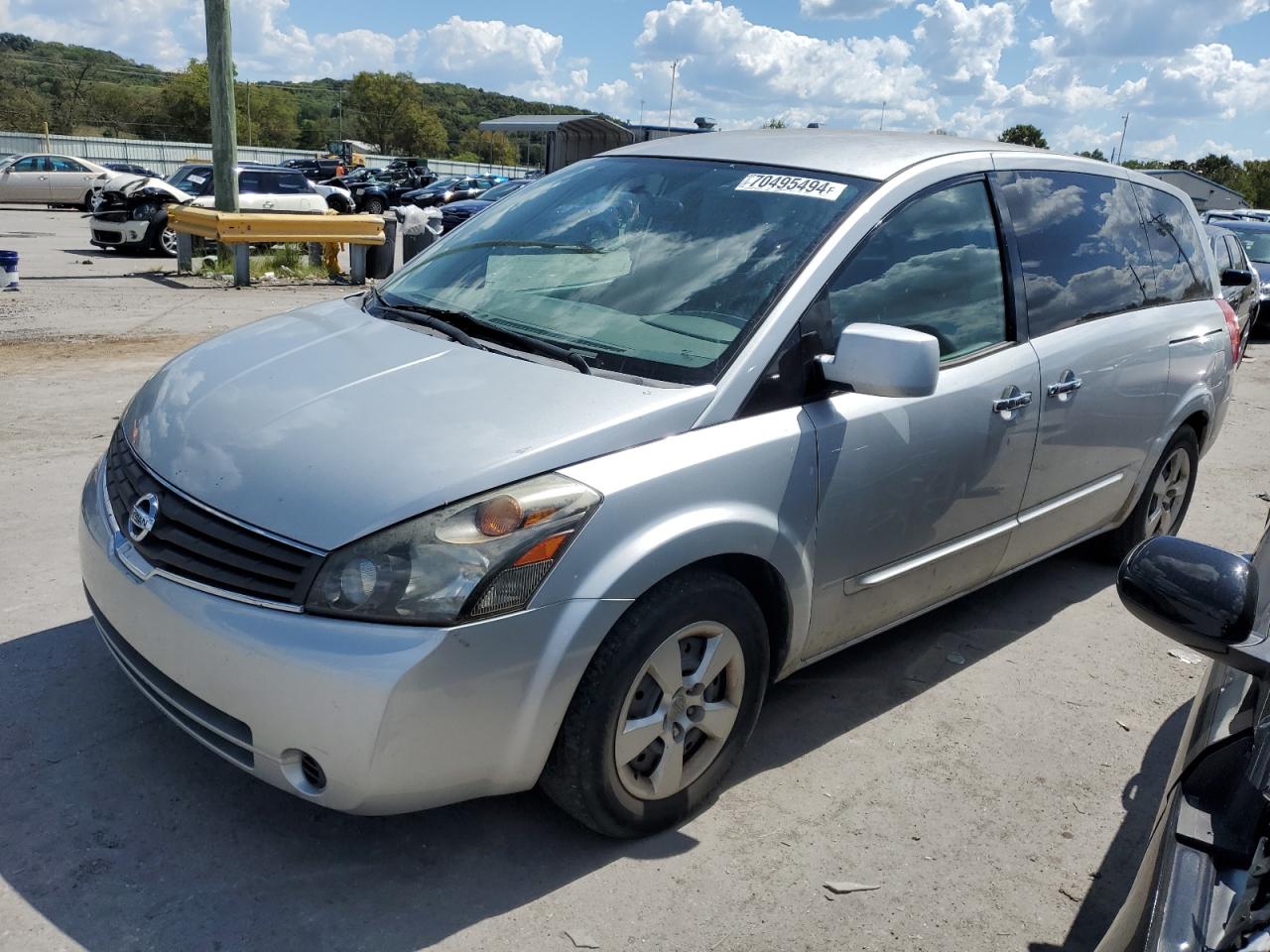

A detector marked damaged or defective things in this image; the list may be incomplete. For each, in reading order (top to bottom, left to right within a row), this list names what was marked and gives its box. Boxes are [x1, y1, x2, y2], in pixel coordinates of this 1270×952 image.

damaged vehicle [89, 165, 327, 258]
damaged vehicle [1095, 532, 1270, 948]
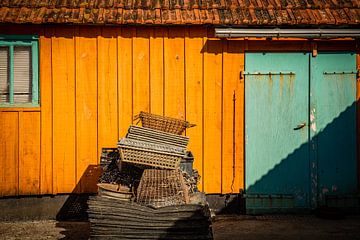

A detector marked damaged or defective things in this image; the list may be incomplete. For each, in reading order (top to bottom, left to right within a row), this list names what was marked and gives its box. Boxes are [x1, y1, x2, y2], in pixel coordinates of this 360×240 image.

rusty metal mesh [136, 169, 190, 208]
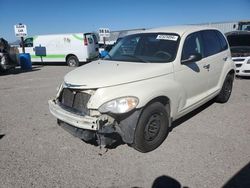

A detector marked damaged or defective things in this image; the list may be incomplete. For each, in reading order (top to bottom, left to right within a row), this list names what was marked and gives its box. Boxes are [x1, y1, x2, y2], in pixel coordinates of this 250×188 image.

damaged front bumper [47, 99, 141, 146]
cracked headlight [98, 97, 139, 113]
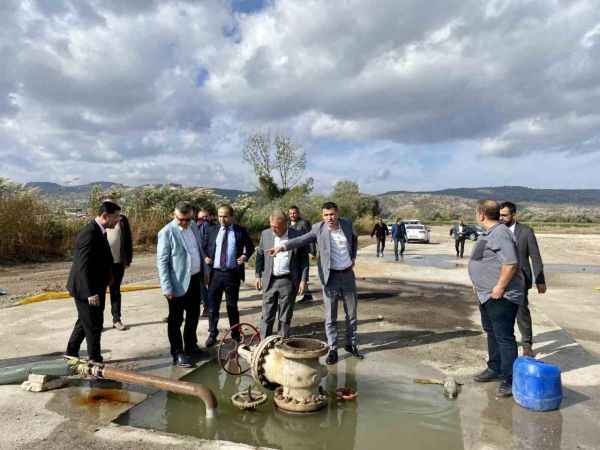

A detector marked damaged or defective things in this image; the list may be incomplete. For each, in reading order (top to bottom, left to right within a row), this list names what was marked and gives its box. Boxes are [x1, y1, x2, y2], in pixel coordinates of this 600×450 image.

rusty steel pipe [98, 366, 218, 418]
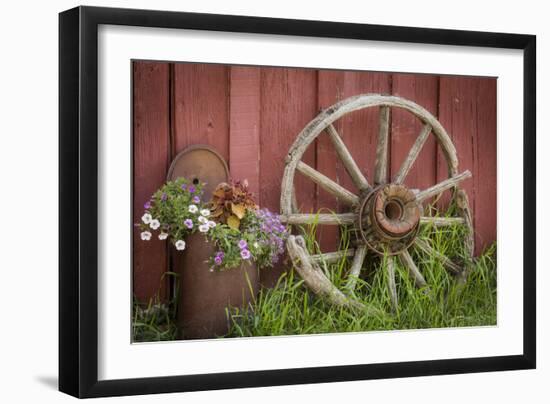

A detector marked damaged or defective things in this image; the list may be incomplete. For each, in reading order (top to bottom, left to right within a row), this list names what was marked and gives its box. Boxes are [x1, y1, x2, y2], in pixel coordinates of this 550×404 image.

rusty metal hub [358, 184, 422, 254]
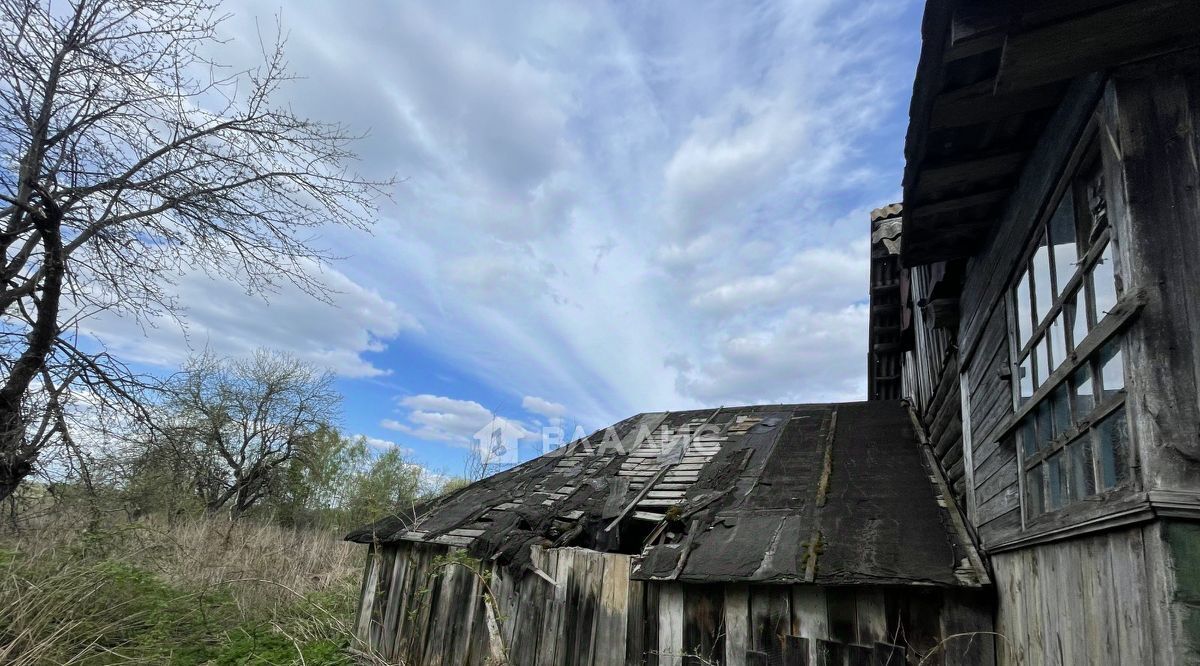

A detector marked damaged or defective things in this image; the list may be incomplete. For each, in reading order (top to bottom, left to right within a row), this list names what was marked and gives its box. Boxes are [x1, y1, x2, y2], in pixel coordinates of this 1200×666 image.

broken window frame [1008, 140, 1128, 524]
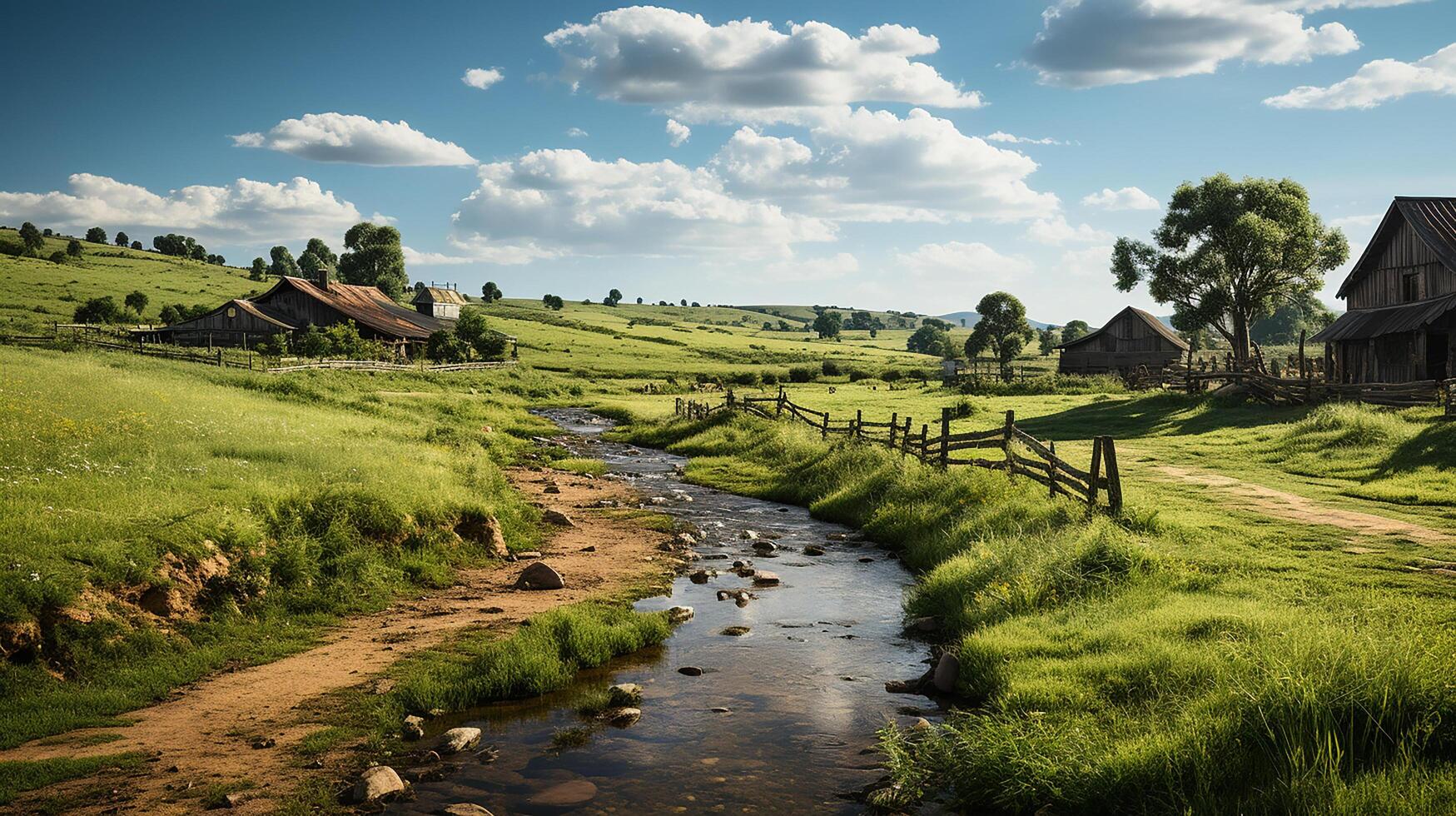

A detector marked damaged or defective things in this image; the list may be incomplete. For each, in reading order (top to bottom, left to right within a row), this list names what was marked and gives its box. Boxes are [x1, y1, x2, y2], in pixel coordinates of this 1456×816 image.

rusty metal roof [1334, 197, 1456, 298]
rusty metal roof [261, 274, 442, 338]
rusty metal roof [410, 284, 465, 303]
rusty metal roof [1060, 303, 1182, 346]
rusty metal roof [1310, 291, 1456, 342]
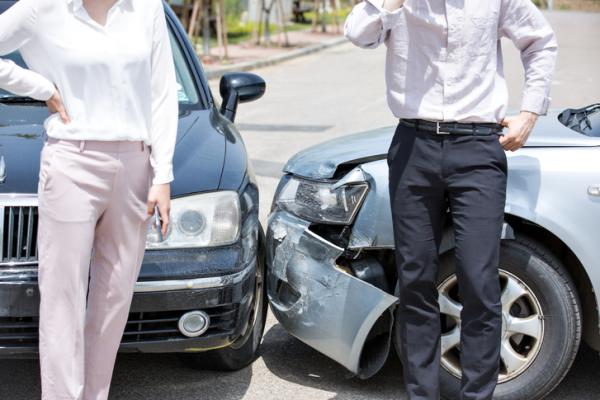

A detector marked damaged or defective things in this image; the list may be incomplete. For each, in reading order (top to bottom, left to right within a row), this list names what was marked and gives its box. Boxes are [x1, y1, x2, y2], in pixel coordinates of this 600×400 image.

bent hood [0, 104, 224, 195]
broken headlight [274, 176, 368, 225]
crumpled front bumper [268, 211, 398, 376]
cracked bumper [268, 212, 398, 376]
damaged silver car [268, 104, 600, 400]
bent hood [284, 109, 600, 178]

* Work required
Pictures are to be omitted from the copy, and only the lines from the one containing "this 550×404 image." through the final line of the listing above are to be written out exactly.

* Output for this exercise
A detector marked damaged or defective things in this image; the list may be incomplete. For each, in reading order (top to bottom, left to right within a row), this list names what was marked and gives its box. Boxes are [x1, y1, x2, y2], in pixel coordinates of this 550×404 image.

rusty metal hub [358, 184, 422, 254]

A detector marked damaged or defective things in this image; the list may be incomplete. For each, in reading order (top to bottom, left to right within a row), this list names what was marked and gives its box. Boxes are [x1, y1, x2, y2], in pixel coordinates of this 1200×666 image.

broken window frame [1008, 140, 1128, 524]

A detector marked damaged or defective things in this image; the list may be incomplete. For each, in reading order (top to bottom, left to right within a row), this list names what was marked and gives its box. Boxes are [x1, y1, x2, y2], in pixel coordinates of this 1456×816 image.

rusty metal roof [1334, 197, 1456, 298]
rusty metal roof [261, 274, 442, 338]
rusty metal roof [410, 284, 465, 303]
rusty metal roof [1060, 303, 1182, 346]
rusty metal roof [1310, 291, 1456, 342]

A detector marked damaged or defective things in this image; the list may be incomplete. For each, in reading order (top to bottom, left to right within a row), this list names what was marked and gives its box. Boxes are [x1, y1, x2, y2], in pixel coordinates of this 600×400 image.

bent hood [0, 104, 224, 195]
broken headlight [274, 176, 368, 225]
crumpled front bumper [268, 211, 398, 376]
cracked bumper [268, 212, 398, 376]
damaged silver car [268, 104, 600, 400]
bent hood [284, 109, 600, 178]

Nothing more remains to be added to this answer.